Error in context specification for Casing

From: Aleksander Morgado (aleksander@es.gnu.org)
Date: Sat Apr 12 2008 - 16:46:37 CDT

  • Next message: JFC Morfin: "Re: "French+" support by Unicode"

    Hi all,

    Some months ago I filled an error report in the Unicode website related
    to the 'More_Above' context specification for casing. This error was in
    Unicode 5.0, and the error report was as follows:
    "I believe there is an error in the description of the 'More_Above'
    context specification for casing (Table 3-14, page 124). According to
    the regular expression provided, the wording of the description should
    say "C is followed by a character of combining class 230 (Above) with no
    intervening character of combining class 0". The last part of the
    sentence provided in the standard ("or 230 (Above)") should be removed."
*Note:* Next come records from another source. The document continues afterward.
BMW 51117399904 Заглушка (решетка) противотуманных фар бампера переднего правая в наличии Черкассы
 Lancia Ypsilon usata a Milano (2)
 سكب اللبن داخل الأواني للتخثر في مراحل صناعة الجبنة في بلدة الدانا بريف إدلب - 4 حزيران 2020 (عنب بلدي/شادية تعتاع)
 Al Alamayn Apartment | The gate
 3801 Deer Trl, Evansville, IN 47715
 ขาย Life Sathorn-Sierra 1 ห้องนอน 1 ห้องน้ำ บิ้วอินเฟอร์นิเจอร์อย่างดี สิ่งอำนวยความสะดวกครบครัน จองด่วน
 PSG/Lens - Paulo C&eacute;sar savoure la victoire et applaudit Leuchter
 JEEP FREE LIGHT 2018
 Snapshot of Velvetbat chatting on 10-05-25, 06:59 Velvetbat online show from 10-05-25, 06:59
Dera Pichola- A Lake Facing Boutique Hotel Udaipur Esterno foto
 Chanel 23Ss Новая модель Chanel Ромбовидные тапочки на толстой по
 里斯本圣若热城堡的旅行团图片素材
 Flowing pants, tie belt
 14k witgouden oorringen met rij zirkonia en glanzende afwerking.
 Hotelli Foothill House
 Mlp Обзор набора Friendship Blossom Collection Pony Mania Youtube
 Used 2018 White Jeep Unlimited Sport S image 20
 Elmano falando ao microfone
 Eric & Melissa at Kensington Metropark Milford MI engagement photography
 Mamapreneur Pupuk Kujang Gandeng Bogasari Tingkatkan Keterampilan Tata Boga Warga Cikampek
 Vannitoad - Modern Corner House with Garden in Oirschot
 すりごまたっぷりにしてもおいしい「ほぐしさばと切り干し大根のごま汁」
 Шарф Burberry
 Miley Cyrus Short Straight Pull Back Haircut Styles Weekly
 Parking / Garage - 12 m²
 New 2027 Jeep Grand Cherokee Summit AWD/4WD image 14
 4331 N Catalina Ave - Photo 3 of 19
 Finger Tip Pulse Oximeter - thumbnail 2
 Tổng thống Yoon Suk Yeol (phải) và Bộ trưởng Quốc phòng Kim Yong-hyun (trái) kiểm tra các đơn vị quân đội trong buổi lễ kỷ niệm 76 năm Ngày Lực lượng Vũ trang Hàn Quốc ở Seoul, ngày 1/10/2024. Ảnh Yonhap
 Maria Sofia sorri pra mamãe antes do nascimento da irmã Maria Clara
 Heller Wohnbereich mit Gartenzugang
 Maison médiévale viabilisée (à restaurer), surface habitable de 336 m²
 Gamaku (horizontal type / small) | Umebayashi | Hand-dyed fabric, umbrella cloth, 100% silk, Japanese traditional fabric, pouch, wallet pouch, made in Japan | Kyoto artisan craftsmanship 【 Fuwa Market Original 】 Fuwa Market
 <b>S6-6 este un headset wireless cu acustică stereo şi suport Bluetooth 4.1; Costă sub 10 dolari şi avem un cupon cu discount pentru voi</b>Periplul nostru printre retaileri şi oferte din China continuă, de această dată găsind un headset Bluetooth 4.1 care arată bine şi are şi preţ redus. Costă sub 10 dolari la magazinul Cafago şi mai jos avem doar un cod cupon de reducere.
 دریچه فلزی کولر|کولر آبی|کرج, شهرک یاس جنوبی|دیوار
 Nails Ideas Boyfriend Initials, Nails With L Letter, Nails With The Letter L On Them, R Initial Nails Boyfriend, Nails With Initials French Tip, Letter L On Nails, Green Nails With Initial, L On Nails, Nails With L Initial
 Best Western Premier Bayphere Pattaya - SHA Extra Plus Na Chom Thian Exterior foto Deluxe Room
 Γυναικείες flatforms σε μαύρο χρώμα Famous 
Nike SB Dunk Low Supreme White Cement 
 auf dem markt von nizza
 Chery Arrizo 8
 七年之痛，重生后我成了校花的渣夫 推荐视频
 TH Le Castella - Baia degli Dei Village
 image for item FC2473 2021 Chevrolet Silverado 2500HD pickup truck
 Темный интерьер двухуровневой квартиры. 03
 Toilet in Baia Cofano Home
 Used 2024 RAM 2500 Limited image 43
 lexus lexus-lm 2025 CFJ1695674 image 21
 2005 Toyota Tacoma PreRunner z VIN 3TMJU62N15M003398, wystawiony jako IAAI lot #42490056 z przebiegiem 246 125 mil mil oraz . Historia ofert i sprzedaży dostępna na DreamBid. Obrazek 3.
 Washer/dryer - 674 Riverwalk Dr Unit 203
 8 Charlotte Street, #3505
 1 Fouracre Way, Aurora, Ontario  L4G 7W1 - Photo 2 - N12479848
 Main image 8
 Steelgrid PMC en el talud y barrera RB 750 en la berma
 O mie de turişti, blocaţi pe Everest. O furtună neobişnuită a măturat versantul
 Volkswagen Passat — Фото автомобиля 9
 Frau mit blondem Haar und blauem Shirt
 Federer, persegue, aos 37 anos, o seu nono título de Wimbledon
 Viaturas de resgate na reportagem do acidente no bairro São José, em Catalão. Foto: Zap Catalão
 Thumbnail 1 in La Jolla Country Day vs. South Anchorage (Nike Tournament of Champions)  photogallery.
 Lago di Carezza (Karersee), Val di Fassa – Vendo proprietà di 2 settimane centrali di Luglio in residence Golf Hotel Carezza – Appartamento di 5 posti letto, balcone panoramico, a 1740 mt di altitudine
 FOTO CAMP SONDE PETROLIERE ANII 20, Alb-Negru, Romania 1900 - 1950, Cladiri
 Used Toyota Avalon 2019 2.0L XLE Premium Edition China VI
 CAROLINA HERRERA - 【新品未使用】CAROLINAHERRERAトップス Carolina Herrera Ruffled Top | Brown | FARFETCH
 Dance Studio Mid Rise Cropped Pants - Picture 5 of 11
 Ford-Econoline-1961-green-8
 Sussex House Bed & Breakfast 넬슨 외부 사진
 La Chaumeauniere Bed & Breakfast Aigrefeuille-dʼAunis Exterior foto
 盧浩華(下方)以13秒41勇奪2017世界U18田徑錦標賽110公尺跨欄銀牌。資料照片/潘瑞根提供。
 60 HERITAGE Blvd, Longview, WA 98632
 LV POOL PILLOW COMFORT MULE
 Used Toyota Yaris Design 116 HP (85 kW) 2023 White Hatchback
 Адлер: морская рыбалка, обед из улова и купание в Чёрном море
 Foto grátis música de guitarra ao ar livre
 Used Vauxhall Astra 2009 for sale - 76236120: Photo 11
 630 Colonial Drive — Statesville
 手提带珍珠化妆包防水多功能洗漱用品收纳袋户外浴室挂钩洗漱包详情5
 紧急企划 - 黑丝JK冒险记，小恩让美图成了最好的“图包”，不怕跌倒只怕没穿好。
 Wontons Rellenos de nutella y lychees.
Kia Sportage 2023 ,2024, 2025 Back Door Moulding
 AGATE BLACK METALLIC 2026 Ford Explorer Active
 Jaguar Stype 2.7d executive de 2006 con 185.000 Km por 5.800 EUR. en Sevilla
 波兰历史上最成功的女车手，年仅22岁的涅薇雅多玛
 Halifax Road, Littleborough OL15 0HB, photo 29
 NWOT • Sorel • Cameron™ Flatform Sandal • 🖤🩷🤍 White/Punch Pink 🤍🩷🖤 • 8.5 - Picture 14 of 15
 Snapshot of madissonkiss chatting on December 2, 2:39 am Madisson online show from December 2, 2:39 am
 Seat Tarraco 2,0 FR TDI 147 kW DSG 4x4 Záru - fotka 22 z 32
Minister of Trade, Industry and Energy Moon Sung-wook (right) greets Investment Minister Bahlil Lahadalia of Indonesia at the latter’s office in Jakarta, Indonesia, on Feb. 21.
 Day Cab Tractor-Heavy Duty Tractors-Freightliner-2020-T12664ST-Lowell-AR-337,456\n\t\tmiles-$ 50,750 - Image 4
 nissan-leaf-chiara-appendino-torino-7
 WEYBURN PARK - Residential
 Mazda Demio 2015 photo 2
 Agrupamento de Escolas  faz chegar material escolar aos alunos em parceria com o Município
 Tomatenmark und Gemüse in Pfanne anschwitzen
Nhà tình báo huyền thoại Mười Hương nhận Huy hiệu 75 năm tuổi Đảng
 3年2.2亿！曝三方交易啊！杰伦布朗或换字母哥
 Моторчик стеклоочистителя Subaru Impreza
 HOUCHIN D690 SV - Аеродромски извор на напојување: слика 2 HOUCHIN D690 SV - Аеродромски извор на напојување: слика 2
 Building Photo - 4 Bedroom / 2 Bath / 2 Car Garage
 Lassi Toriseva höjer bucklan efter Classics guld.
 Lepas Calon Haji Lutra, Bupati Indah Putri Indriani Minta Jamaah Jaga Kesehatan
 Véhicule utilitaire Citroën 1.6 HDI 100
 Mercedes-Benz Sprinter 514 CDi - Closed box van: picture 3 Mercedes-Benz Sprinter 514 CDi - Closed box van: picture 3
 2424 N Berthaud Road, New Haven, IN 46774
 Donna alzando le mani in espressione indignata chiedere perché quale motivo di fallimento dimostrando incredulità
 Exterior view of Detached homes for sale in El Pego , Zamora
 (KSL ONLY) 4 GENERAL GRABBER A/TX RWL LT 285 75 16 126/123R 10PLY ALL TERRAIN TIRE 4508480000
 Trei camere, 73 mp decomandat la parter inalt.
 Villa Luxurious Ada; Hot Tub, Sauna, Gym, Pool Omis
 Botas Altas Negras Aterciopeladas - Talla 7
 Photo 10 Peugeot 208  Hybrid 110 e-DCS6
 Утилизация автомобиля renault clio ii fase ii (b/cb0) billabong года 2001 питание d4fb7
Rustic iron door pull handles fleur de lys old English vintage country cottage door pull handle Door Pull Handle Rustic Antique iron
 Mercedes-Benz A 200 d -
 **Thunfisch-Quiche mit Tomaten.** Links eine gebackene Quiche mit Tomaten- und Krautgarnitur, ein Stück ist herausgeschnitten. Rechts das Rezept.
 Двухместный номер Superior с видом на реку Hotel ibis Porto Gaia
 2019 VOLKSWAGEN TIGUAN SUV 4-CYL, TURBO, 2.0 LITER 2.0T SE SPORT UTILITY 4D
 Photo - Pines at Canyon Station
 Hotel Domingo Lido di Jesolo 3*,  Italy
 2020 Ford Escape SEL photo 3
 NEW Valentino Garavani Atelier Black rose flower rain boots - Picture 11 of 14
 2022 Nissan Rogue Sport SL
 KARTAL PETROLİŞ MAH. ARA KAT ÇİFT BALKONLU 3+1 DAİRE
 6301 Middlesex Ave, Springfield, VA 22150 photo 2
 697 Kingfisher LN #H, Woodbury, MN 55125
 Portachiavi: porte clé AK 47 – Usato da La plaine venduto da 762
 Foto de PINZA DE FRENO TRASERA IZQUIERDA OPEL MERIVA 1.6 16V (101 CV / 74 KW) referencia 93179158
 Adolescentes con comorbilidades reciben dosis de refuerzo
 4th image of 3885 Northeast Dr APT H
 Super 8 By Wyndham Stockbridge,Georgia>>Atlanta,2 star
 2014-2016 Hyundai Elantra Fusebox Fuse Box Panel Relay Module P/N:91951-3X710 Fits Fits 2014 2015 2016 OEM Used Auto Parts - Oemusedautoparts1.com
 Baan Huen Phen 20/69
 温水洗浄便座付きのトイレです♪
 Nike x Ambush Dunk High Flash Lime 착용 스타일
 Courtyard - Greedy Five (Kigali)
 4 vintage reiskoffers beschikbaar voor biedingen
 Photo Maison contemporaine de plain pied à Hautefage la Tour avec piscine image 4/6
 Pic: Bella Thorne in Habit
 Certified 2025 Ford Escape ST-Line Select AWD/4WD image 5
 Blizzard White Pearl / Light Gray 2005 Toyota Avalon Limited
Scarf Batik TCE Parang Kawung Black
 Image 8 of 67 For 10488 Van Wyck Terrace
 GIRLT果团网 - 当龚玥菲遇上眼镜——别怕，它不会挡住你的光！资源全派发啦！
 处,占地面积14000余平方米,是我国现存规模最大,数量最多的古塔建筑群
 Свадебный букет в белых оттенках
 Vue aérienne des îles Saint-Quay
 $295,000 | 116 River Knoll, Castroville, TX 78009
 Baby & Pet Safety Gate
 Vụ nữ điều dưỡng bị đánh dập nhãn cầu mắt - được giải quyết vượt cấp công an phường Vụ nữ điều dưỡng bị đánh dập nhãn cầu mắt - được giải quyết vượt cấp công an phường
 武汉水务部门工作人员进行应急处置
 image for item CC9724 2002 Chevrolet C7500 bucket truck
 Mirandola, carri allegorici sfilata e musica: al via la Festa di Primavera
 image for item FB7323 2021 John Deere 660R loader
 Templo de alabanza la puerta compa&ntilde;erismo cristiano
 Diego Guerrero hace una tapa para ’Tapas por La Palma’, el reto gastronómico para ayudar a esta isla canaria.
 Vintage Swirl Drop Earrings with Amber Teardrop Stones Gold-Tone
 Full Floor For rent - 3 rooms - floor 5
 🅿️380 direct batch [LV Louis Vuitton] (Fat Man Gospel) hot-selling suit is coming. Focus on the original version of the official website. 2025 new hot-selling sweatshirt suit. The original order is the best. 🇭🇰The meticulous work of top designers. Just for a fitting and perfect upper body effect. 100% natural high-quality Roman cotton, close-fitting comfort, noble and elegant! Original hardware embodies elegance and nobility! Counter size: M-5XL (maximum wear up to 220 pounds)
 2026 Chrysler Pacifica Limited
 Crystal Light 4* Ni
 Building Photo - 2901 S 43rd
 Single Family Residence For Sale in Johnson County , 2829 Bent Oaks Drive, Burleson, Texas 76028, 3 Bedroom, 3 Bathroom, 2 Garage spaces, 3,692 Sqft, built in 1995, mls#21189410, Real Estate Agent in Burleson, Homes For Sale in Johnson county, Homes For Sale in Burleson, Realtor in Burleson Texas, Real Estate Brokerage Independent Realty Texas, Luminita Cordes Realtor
    I guess people in Unicode analyzed the error report, and now this is
    what we have in the errata list (http://www.unicode.org/errata/):
    "On p. 124 of The Unicode Standard, Version 5.0, there is an error in
    the Regular Expressions column for "More_Above", in the third row of
    Table 3-14, Context Specification for Casing. The corrected regular
    expression should be: [^\p{ccc=230}\p{ccc=0}]* [\p{ccc=230}] "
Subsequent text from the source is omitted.